It was 5:30 p.m. last Monday in Webster, N.Y., a Rochester suburb, when Police Officer Cameron Crisafulli noticed an S.U.V. being driven 20 miles per hour over the speed limit on Phillips Road.
Officer Crisafulli put on his lights and sirens, signaling to the driver to pull over. But the driver didn’t stop, steering the car into a residential neighborhood about a half mile up the road before pulling into the garage of a two-story white-clapboard house.
It was the home of Sandra Doorley, the Monroe County district attorney.
“Sorry, I’m the D.A. I was going 55 coming home from work,” Ms. Doorley said angrily, getting out of the car as Officer Crisafulli approached her garage. He reminded her that the speed limit on Phillips Road was 35 m.p.h. “I don’t really care,” she replied.
Footage of the encounter, recorded on Officer Crisafulli’s body camera and released Friday by the Webster Police Department, raised questions about whether Ms. Doorley had tried to use her office to avoid a traffic ticket. In the footage, Ms. Doorley can be heard using expletives, calling the officer vulgar names and repeatedly escalating the situation.
Another officer who arrived on the scene and identified himself as Officer Crisafulli’s supervisor told Ms. Doorley that by refusing to stop, she had broken another law, and that it was an arrestable offense. Ms. Doorley was not arrested.
The release of the footage led to a swift backlash, and residents of Rochester and beyond called for Ms. Doorley to face discipline.
In a statement on Sunday, Gov. Kathy Hochul said she had reported Ms. Doorley to the State Commission on Prosecutorial Conduct. The body camera footage, Ms. Hochul said, clearly showed Ms.
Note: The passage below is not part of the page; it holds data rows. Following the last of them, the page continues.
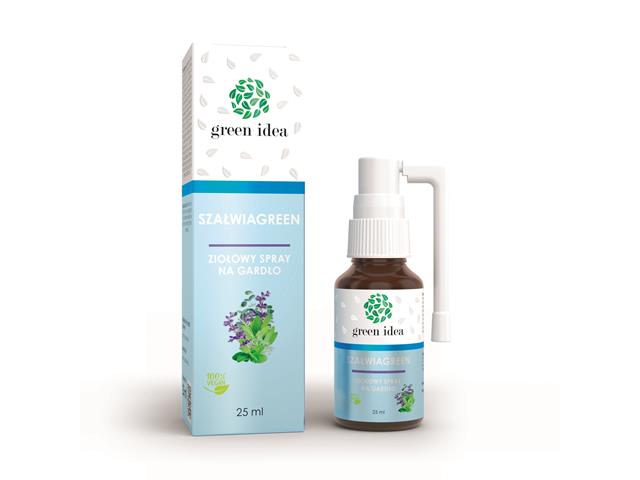 SZAŁWIAGREEN Ziołowy Spray na gardło interakcje ulotka spray do ust - 25 ml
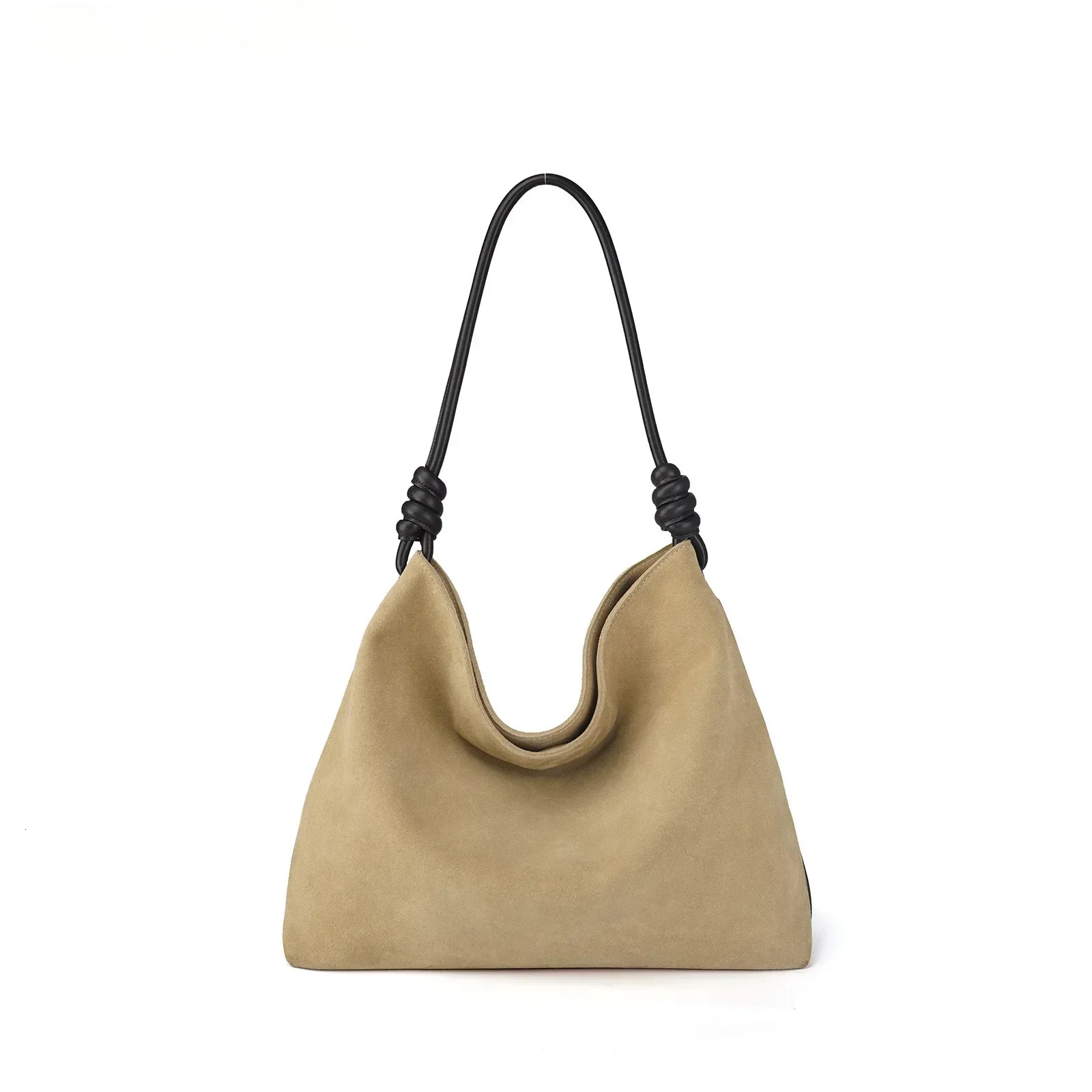 All-Match Chamois Matte Suede Cowhide Leather Tote Large Capacity Designer Maillard Dressing Coffee Winter Ladies Handbag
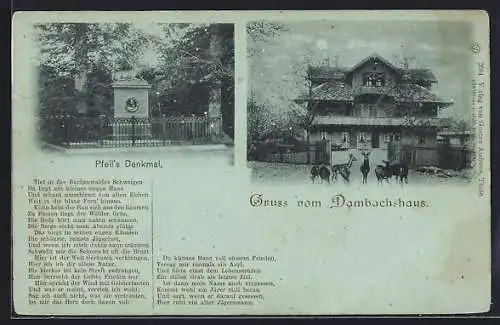 Mondschein-AK Thale / Harz, Gasthaus Dambachshaus, Pfeil`s Denkmal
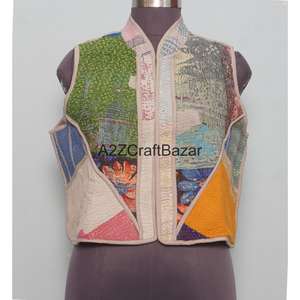 Chaqueta Acolchada 100% Algodón Hecha a Mano por A2ZCraftBazar, Diseño Floral Vintage, Tela Transpirable, Botones Forrados, Primavera Otoño - Product Image 1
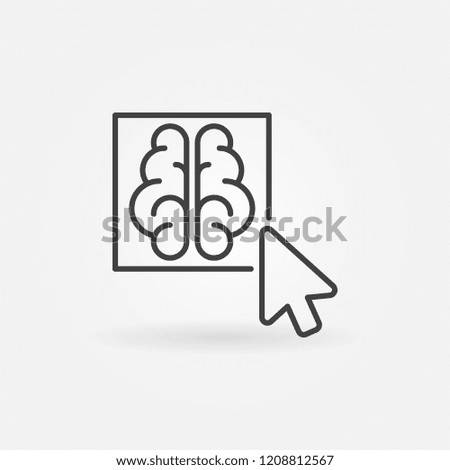 Click on brain button outline icon - vector artificial intelligence brain concept thin line symbol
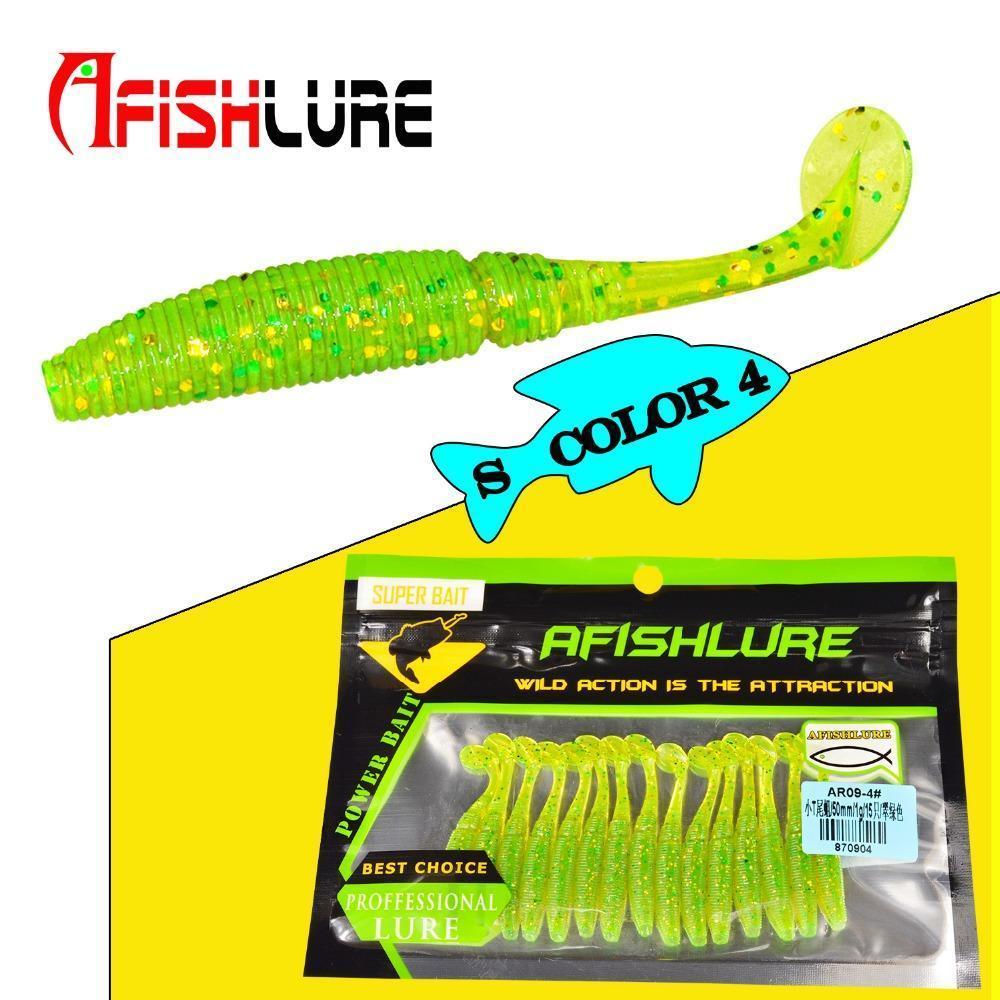 15Pcs/Lot T Tail Soft Lure 50Mm 1G Paddle Tail Soft Grubs Maggot Plastic Fishing-A Fish Lure Wholesaler-Color1-Bargain Bait Box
Doorley “claiming she is above the law, attempting to use her public office to evade responsibility and acting unprofessionally towards a police officer simply trying to do his job.”
Ms. Doorley had “undermined her ability to hold others accountable for violating the law,” the governor said.
Save Rochester, a local advocacy group, has called for an investigation of Ms. Doorley and started a petition asking for her to be removed from office. At protests in Rochester on Monday, demonstrators from the group called for her to be disbarred.
The group is active in the Black Lives Matter movement and called for change following the death of Daniel Prude, a 41-year-old Black man, who died in police custody in Rochester 2020. Ms. Doorley faced calls for her resignation after deciding not to charge the police officers who had arrested Mr. Prude.
Activists with Save Rochester argued that the behavior of Ms. Doorley, who is white, during the traffic stop exemplified white privilege.
“This is proof that white privilege reigns supreme in our country and it’s time for that to come to an end,” the group wrote in a social media post. “Sandra put countless people’s lives in jeopardy and she had the nerve to try to use her position to escape justice, meanwhile she prosecutes Black people to the fullest extent of the law.”
While arguing with Officer Crisafulli after the traffic stop, the body camera footage showed, Ms. Doorley called the chief of police on the phone and asked him to tell the officer to leave her alone. At one point during the call, Ms. Doorley rolled her eyes and handed the phone to Officer Crisafulli, who explained the situation to the police chief, Dennis Kohlmeier.
“Just go away,” Ms. Doorley later said as she walked into her house.
Ms. Doorley apologized for her behavior in a video released on Sunday night, days after the body camera footage was made public.
“What I did was wrong, no excuses,” she said. “I didn’t treat this officer with the respect that he deserved.”
Both during her conversation with Officer Crisafulli and in her video, Ms. Doorley attributed her behavior to the stress of dealing with a recent spate of homicides in Rochester, where three murders occurred in less than two days this month.
“We all have bad days and stress, and it was wrong for me to take it out on an officer who’s simply doing his job,” she said.
In the video, Ms. Doorley added that she would pay the fine for her speeding ticket and would refer the episode to a district attorney from another county for review, though she did not specify which. Ms. Doorley also said that she was reporting the case to a grievance committee and pledged to take ethics training.
In her garage last week, Officer Crisafulli expressed confusion about the amount of hostility she was exhibiting toward him.
“I’m doing my job,” he told her. “You say you’re a D.A.?”
“I am the D.A.,” she replied, before getting her badge out of her handbag and showing it to him.
“If you give me a traffic ticket, that’s fine,” she said. “I’m the one who prosecutes it.”